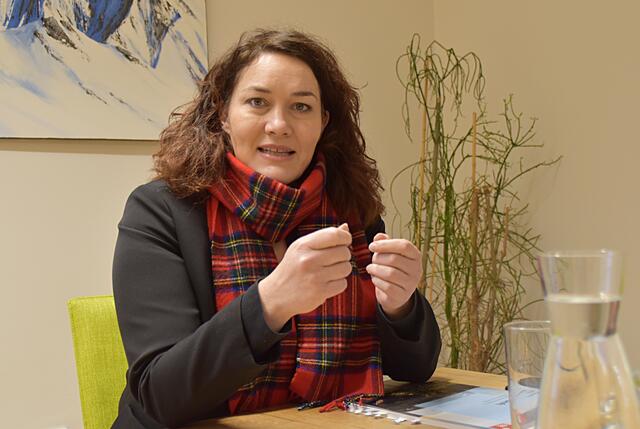 LHStv. Ingrid Felipe wird erst im Frühjahr 2022 über ihre weitere politische Karriere entscheiden.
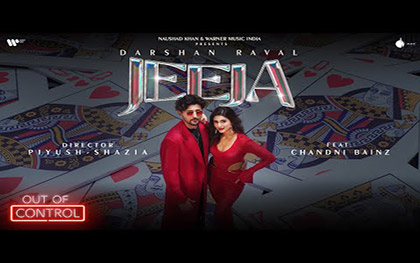 Jeeja Official Video By Darshan Raval Ft. Chandni Bainz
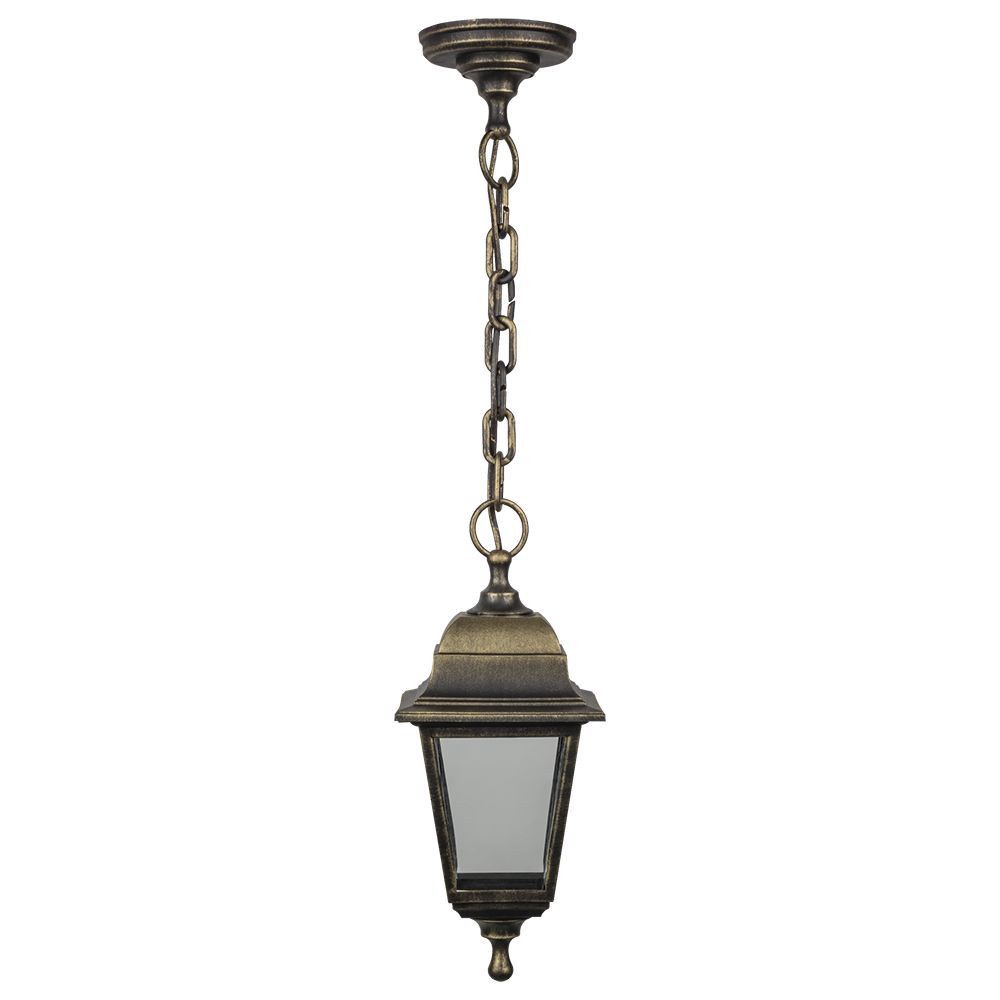 Светильник Navigator 80 479 NOF-PG32-002-IP44-E27 (4 грани черный под бронзу)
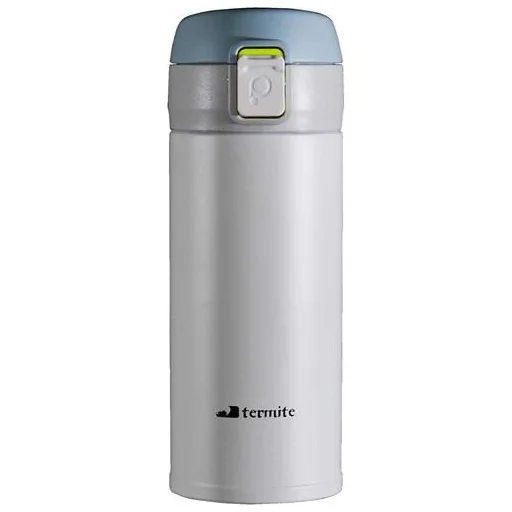 Taniej Kubek termiczny BLUFF 0.35 l white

# TASK GOAL
Pick up at the line containing "Jeeja Official Video" and copy each line exactly until the data ends, including that last line; copy no pictures.

# ANSWER TO THE EXERCISE
 Jeeja Official Video By Darshan Raval Ft. Chandni Bainz
 Светильник Navigator 80 479 NOF-PG32-002-IP44-E27 (4 грани черный под бронзу)
 Taniej Kubek termiczny BLUFF 0.35 l white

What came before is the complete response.